Friday 20 June 2014

Balkanisation in the international sphere

Balkanisation is the name of the game
Posted by SueC on June 17, 2014, 4:04 pm, in reply to "Re: Iraq crisis: US urgently deploys hundreds of armed troops to Baghdad "
Or at least it is in my opinion. Everything but everything that's happening today in which the West has a hand is attributable to the becoming-really-desperate need to gain control over the world's remaining - and rapidly depleting - resources. Does the West really want to deal with strong, democratic nations in the Middle East, Africa, Latin and South America and Eurasia? Of course not - such nations tend to have peculiar ideas about wanting their natural resources to benefit their own people first and foremost. Look at the demonisation of Chavez and Putin as an indication of how welcome that approach is.

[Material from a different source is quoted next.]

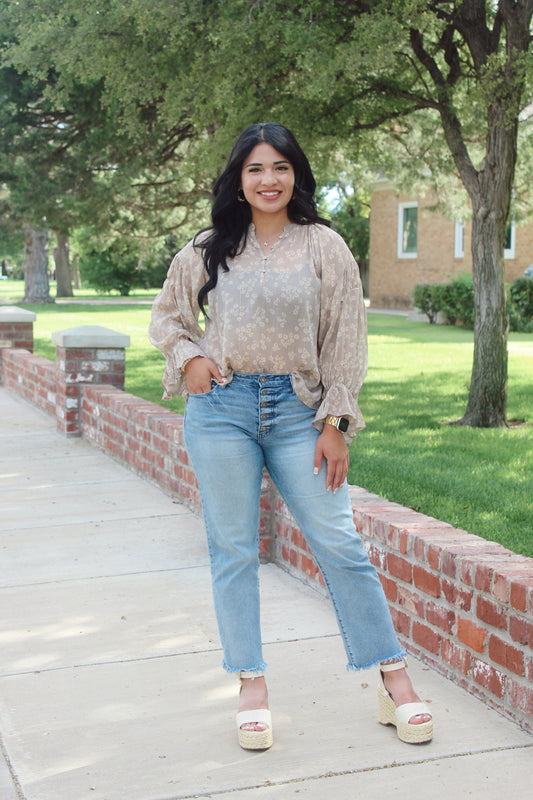 Bless Your Heart Flower Blouse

So, if you're sitting in Washington, London or Brussels, what to do? Well, a tried and tested method of controlling resources is encouraging the break-up of nation states into mutually hostile enclaves predicated on nationality, religion, or ethnicity. The smaller the fragments, the better. So, in Iraq, there's the basic Sunni/Shia/Kurd divide. But there's lots of opportunity to forment conflict within those groups. If the Kurds seize too much territory for the West's liking and prove to be too independent over the oil resources they'd then have, you can always work on the grievances other minorities living within the areas the Kurds control such as the Turkmen, And so it goes on. The groups that are left as a result of Operation Break-Up are usually too small and too divided to mount serious opposition to outside corporate interests. Look at Sudan - the US and others relentlessly proposed a split of the country and so South Sudan was born - where the oilfields are - and now that is consumed by internal conflict between different groups.

This is not madness at all - it's deliberate strategy to get and control resources. Look at Libya - what's the result of the coup that removed Gaddafi? The country's oil production has fallen dramatically, the oil is still is the ground and can be harvested later by the 'right' people and pretty much the entire nation has been or will be pauperised. Just like the Iraqis. This is another important and desired consequence for western elites. Eliminating the 'threat of a good example' has always been key. If any people anywhere manage to harness their resources to improve their lot, then others elsewhere - even those living in the West - might well ask the question, why can't we do this? And that wouldn't be good.

None of this is an 'accident', or an 'unforeseen consequence', or an 'error of judgement' or 'western naivety' as the MSM likes to call it. It's deliberate, the desired outcome. And they'll do it in country after country.